Interview. Une promesse : Leconte adapte Zweig

UNE PROMESSE : paroles, paroles…

 

Patrice Leconte avait juré ses grands dieux qu’on ne l’y reprendrait plus. Fini le cinéma pour lui. A la limite, un dessin animé, comme il l’a fait pour Le Magasin des Suicides qui n’a pas rencontré le succès escompté.
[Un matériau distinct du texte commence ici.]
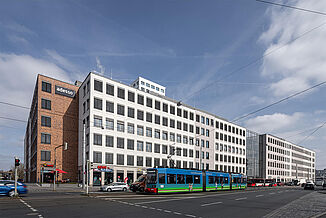 Blick auf das Stadtquartier Seetor City Campus in Nürnberg mit einer Straßenbahn vor dem Gebäude.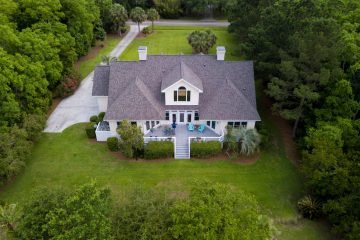 Aerial view of large home with new roof on wooded grassy property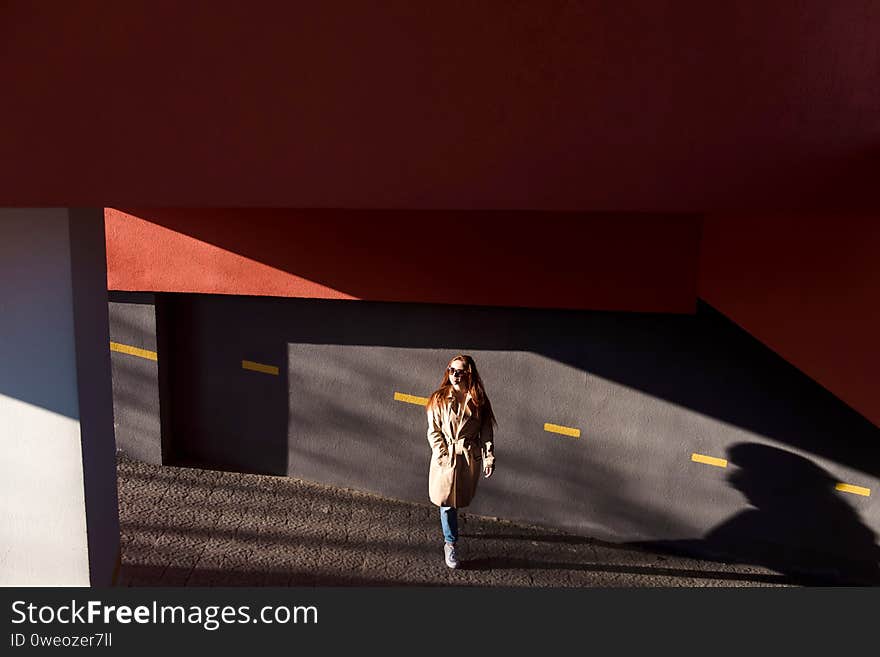 Fashion red hair woman in long beige coat and sunglasses walking on urban street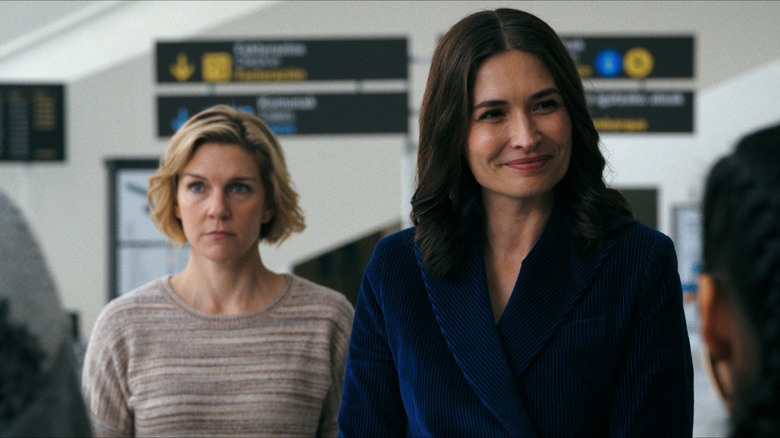 Zosia smiling at people in the airport with Carol scowling behind her on Pluribus
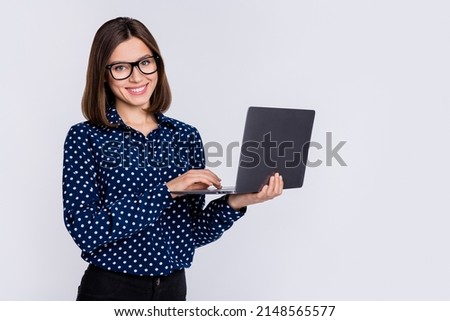 Portrait of attractive trendy cheerful skilled girl using laptop typing report isolated over gray pastel color background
« Ce qui m’a manqué dans ce film, avoue Leconte, c’est le contact avec les comédiens, que j’adore. Et puis, à l’arrivée, le film avait le cul entre deux chaises. Il pouvait emballer des enfants de huit à douze ans mais leurs parents n’avaient aucune envie de les entraîner voir un film parlant de suicide ! Il va falloir attendre encore quelques années pour que son budget soit totalement remboursé. »


Le voici, donc, de retour. Avec une promesse, la sienne :


« Promis, je ne dirais plus jamais que j’arrête le cinéma ! D’abord parce que ça n’intéresse personne, ensuite parce que j’en ai trop besoin. J’avais le sentiment de m’être un peu perdu dans certains films mais maintenant j’ai la certitude d’avoir retrouvé le plaisir du cinéma. Je ne vais pas m’arrêter là. »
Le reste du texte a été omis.